The stories from business owners and exec’s who were Trump Voters and are Trump Supporters. They all agree they’re getting hurt by Trump’s Tariffs just as farmers are. #IdiotInChief

The head shaker comes from Tom Sligh, who loves Trump’s tariffs AND doesn’t mind losing money and new business#SoMuchLosing How many more are like Tom Sligh?

Across the industrial United States, including in the crucial political battleground state of Michigan, such complaints are intensifying as the trade war disrupts factory operations that depend on imported parts.

Made in America is a myth. It’s Assembled in America!

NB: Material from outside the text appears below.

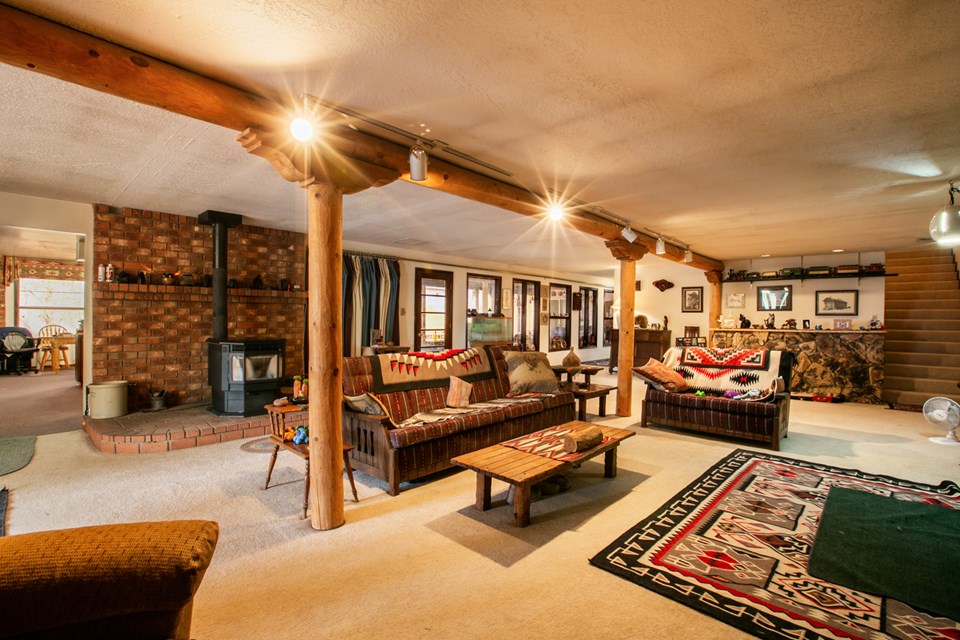 view of the great room from the living room. looking into the kitchen at left, pellet stove along short brick wall and a wet bar at the end.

In vowing to take a tough line with China, Mr. Trump secured 62 percent of the votes in surrounding Ottawa County. Though the tariffs he has imposed have lifted prices for parts at many factories, the president draws praise here for delivering on a central promise.
The tariffs have been sold to Americans as a means of forcing multinational companies to make their products in the United States, abandoning China, Mexico and other low-cost centers of industry. But the tariffs are threatening jobs that are already here.

Pat LeBlanc and Cory Steeby of  EBW Electronics

“It’s killing us,” said the chairman of the company [EBW], Pat LeBlanc, 63, a Republican who voted for Mr. Trump. He now expects the president’s tariffs will chop his 2019 profits in half. “I just feel so betrayed. If we fail because the company is being harmed by the government, that just makes me sick.”
“It’s a tax that comes right off the bottom line,” said EBW’s president, Cory Steeby. “It totally incentivizes you to move out of the United States and build either in Canada or Mexico. These are active conversations right now.”
“At 25 percent, we are not making money,” Mr. Steeby said. “There’s a threat that you cease to exist, or there’s a threat that jobs move to Mexico.” 

Tom Sligh, president of Billco Products

China’s reply, enjoy bankruptcy and unemployment. Trump specialties!

“Even though it’s hurting me, I hope we have the guts to stick it out,” said Tom Sligh, president of Billco Products, which makes cabinets, dressers and other furniture for hotels at three factories in Holland.
The tariffs have increased his costs by 10 percent, he said, but he has not been able to pass them on. He recently lost a bid to outfit a hotel in Grand Rapids when a Chinese competitor offered less than half his price.
“It sends a message to our friends in China that we are not fooling around,” Mr. Sligh said.

Larry Kooiker,  president of Agritek

Larry Kooiker voted for Mr. Trump, and shares the sense that China’s trading actions require an aggressive response. But Mr. Kooiker, president of Agritek, a factory that makes a range of metal parts, says the tariffs on components have been poorly conceived.
“It’s just been a disaster,” he said, as clattering machinery pounded sheets of steel into brackets that hold shelves.
“Trump is killing us,” Mr. Kooiker said. “His bang for the buck is horrible.”

And then there’s this!

“weakening factory orders in the United States, China and Europe have deepened the sense that global growth is slowing.”